Unfortunately, the situation is much worse than this article depicts. Many of the problems we see today began when we stopped treating patients on an inpatient basis long-term. The government requires that people be able to "participate in the life of their community." This is what happens when the community does not want the mentally ill and there is no refuge for them. I agree that patients should not be tucked away and forgotten, but they shouldn't be thrown onto the streets and expected to bootstrap their way to mental health.
I am a clinician working in an inpatient facility. We are focused on crisis stabilization, and we are good at what we do; I see a tremendous improvement in most of my patients. But the fact remains that there are very few placement options for them; institutionalization has not been replaced with independent living, but with 'personal care homes', which are often unlicensed and sometimes provide deplorable conditions for patients. For the price of a patient's disability check, they usually get no better than a few meals a day (Vienna sausages, baked beans, or a sandwich) and boarding in a home that is falling in on itself or is housing more residents than it can reasonably hold. There is very little supervision, and little to no therapeutic care. Unless the chronically mentally ill live in an environment that supports medication compliance, quality of life and hospital admission rates will continue to worsen.

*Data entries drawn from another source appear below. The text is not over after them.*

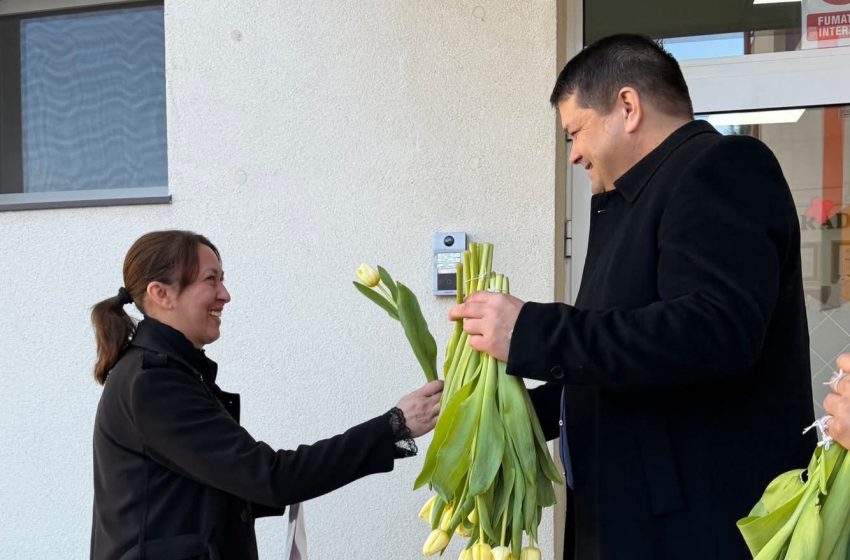  Primarul Cătălin Bota a dăruit flori doamnelor si domnișoarelor din Sângeorz-Băi. FOTO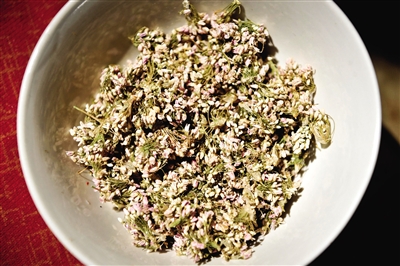 作為香料的扎蒙是一種陜北常見(jiàn)的細(xì)碎野花。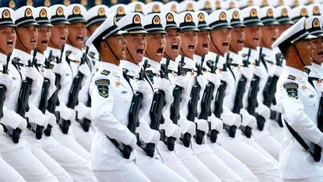 China celebra el 70° aniversario del comunismo con un desfile militar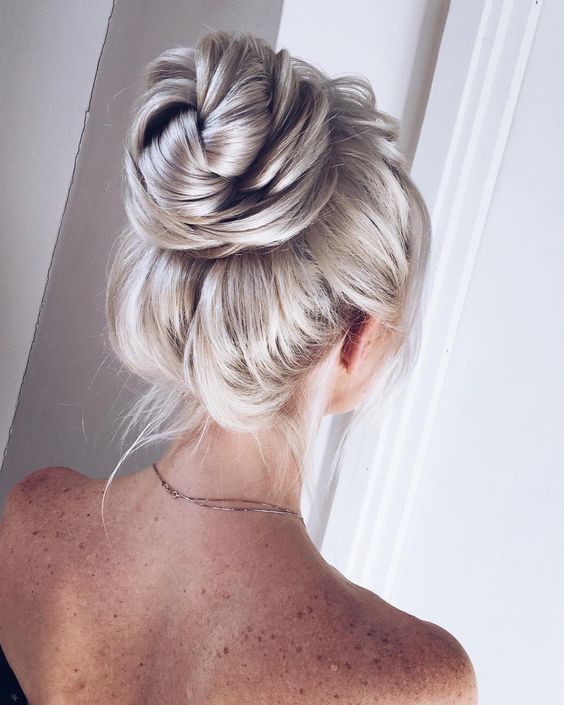 The Best and fabulous Hairstyles for Every Wedding Dress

Even when people are ready for help (which is a hard place to come to for many), the resourcefulness and tenacity you need to acquire services is mind-boggling.
We have to have other options besides standard outpatient counseling/psych care, intensive outpatient programs, and acute inpatient facilities. Assertive Community Treatment and other efforts are improving outcomes in locales across the country, but we need systemic reform to mental healthcare and healthcare parity. If people worked on the inside like I do, they'd know how much money we're wasting with poor policy and how burdened existing inpatient facilities are with the result of poor outpatient programming.